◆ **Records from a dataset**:
※ ※ ※

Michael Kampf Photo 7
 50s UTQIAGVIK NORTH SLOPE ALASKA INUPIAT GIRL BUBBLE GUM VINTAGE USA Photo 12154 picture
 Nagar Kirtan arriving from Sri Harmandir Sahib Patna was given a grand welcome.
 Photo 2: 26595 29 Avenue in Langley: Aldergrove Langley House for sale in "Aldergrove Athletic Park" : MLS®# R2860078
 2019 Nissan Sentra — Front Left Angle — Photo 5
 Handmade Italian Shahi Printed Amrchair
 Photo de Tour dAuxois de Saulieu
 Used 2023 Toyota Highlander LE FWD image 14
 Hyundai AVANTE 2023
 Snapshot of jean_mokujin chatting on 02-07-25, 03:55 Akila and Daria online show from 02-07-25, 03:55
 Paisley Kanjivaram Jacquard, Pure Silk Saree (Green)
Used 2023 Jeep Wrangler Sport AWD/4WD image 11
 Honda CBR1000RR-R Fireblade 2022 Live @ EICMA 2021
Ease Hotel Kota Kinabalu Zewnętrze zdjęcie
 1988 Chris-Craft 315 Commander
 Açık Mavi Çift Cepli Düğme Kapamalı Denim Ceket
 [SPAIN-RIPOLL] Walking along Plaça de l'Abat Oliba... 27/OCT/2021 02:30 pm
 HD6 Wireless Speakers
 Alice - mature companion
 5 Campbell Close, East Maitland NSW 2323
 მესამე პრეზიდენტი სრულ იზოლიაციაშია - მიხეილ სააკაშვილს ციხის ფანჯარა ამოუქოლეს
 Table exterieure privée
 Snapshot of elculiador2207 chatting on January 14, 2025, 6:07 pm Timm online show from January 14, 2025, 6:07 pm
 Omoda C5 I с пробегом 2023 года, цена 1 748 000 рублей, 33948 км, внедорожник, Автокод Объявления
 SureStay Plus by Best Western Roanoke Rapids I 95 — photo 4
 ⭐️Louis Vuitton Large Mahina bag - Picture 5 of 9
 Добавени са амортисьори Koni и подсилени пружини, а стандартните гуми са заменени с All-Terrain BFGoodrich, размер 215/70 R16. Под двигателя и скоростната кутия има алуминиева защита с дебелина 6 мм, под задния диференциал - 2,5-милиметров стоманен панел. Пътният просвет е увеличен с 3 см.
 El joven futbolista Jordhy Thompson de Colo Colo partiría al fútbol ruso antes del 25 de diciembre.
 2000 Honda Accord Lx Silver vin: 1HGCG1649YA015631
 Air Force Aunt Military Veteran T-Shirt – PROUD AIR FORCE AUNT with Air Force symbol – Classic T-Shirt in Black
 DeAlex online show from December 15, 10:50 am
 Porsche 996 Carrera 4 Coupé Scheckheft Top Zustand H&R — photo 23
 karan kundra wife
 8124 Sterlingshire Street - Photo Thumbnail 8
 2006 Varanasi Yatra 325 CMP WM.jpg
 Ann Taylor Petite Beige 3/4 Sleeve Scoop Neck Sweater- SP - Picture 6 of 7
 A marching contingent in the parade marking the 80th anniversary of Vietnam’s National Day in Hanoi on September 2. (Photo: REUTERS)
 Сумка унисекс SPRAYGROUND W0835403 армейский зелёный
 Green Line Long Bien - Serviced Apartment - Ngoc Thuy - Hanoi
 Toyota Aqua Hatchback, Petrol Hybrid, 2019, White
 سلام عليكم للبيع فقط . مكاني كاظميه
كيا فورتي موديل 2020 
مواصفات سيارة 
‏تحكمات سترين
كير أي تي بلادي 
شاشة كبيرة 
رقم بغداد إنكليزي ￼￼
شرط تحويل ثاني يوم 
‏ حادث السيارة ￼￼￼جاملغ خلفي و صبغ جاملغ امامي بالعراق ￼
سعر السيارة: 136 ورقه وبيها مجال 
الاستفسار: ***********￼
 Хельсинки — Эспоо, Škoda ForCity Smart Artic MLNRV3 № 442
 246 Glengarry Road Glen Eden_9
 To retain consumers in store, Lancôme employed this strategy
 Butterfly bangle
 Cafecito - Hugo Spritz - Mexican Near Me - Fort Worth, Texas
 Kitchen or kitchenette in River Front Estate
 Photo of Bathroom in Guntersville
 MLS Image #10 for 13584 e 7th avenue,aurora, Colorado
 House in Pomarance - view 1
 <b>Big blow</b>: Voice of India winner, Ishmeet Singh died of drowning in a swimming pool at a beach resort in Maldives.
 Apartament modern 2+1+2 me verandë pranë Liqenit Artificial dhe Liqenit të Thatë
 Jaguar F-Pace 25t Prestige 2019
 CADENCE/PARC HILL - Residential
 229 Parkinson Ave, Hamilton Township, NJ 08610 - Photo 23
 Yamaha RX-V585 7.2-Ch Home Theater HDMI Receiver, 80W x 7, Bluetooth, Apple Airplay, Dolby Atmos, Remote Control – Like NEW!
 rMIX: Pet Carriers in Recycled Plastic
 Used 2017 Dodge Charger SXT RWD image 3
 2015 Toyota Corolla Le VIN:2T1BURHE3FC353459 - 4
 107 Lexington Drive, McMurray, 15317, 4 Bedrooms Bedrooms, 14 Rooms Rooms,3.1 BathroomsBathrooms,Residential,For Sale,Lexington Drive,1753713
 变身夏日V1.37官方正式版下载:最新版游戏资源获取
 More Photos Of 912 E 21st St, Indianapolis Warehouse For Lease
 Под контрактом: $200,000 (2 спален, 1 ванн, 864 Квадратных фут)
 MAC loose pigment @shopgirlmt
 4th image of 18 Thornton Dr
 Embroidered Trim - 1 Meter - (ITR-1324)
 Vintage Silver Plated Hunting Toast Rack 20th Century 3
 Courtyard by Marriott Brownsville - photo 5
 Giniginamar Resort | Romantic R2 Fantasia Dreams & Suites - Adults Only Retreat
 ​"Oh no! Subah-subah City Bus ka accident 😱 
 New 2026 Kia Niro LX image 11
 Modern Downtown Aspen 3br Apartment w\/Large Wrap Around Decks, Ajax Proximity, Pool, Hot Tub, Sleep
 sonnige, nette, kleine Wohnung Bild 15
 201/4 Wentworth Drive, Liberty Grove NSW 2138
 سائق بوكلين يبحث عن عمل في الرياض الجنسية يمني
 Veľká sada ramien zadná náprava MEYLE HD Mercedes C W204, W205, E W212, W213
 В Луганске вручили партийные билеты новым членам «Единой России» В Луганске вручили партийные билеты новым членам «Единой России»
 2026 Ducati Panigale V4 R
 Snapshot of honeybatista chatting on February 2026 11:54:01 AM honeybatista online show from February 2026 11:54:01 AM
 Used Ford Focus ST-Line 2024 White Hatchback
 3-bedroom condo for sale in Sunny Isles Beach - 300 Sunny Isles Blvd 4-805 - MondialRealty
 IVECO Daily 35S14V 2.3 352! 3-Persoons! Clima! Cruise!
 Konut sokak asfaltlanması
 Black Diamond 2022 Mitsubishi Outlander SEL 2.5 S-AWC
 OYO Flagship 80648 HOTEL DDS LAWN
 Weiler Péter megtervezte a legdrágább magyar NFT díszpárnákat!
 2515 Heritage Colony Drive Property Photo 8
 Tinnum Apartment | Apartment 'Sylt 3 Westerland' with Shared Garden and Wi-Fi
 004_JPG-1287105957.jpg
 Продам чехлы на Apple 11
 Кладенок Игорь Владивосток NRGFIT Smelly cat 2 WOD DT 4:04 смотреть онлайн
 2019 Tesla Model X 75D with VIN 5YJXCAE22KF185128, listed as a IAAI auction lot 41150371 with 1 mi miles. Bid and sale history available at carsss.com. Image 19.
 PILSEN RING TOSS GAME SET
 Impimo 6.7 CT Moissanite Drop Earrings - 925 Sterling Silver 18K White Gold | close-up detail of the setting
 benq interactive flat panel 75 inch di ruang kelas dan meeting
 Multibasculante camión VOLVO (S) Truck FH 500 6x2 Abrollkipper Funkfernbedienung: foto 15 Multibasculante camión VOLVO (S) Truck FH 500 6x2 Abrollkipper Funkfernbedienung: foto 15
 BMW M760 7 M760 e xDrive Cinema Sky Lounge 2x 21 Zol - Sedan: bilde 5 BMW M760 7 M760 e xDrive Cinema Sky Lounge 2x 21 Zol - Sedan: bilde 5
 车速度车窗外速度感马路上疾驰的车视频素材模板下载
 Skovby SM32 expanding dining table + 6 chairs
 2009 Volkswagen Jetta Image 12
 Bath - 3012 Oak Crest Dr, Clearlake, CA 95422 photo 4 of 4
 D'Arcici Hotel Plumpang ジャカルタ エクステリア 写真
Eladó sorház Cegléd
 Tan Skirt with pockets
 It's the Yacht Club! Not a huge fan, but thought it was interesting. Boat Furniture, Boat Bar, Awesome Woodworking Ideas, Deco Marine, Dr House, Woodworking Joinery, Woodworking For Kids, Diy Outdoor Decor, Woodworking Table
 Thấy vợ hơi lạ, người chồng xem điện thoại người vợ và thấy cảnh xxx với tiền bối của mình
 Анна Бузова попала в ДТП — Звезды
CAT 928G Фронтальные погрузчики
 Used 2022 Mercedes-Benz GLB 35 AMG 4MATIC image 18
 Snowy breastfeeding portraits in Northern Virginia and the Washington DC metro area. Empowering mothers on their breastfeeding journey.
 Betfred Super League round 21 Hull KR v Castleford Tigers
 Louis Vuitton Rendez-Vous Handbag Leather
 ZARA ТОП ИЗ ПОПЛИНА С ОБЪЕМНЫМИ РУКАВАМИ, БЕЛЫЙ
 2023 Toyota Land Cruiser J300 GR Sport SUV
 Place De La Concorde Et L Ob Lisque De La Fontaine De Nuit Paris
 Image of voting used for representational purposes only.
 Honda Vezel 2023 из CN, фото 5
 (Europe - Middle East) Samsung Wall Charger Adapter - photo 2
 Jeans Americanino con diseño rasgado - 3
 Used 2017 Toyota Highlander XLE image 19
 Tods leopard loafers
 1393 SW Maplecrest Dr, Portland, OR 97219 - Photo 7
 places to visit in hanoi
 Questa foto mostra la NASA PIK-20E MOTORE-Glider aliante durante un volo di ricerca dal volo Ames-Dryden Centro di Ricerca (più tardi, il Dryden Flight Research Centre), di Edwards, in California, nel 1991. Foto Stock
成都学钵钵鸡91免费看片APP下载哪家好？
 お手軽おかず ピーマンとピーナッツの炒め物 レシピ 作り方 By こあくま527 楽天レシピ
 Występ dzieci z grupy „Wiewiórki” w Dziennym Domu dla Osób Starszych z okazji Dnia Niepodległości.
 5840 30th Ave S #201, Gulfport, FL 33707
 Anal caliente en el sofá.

※ ※ ※

◆ **Task goal**: Your answer must consist solely of the lines above between the line holding "CAT 928G Фронтальные погрузчики" and the line holding "Snowy breastfeeding portraits", inclusive, copied exactly.

◆ **Answer section**:
CAT 928G Фронтальные погрузчики
 Used 2022 Mercedes-Benz GLB 35 AMG 4MATIC image 18
 Snowy breastfeeding portraits in Northern Virginia and the Washington DC metro area. Empowering mothers on their breastfeeding journey.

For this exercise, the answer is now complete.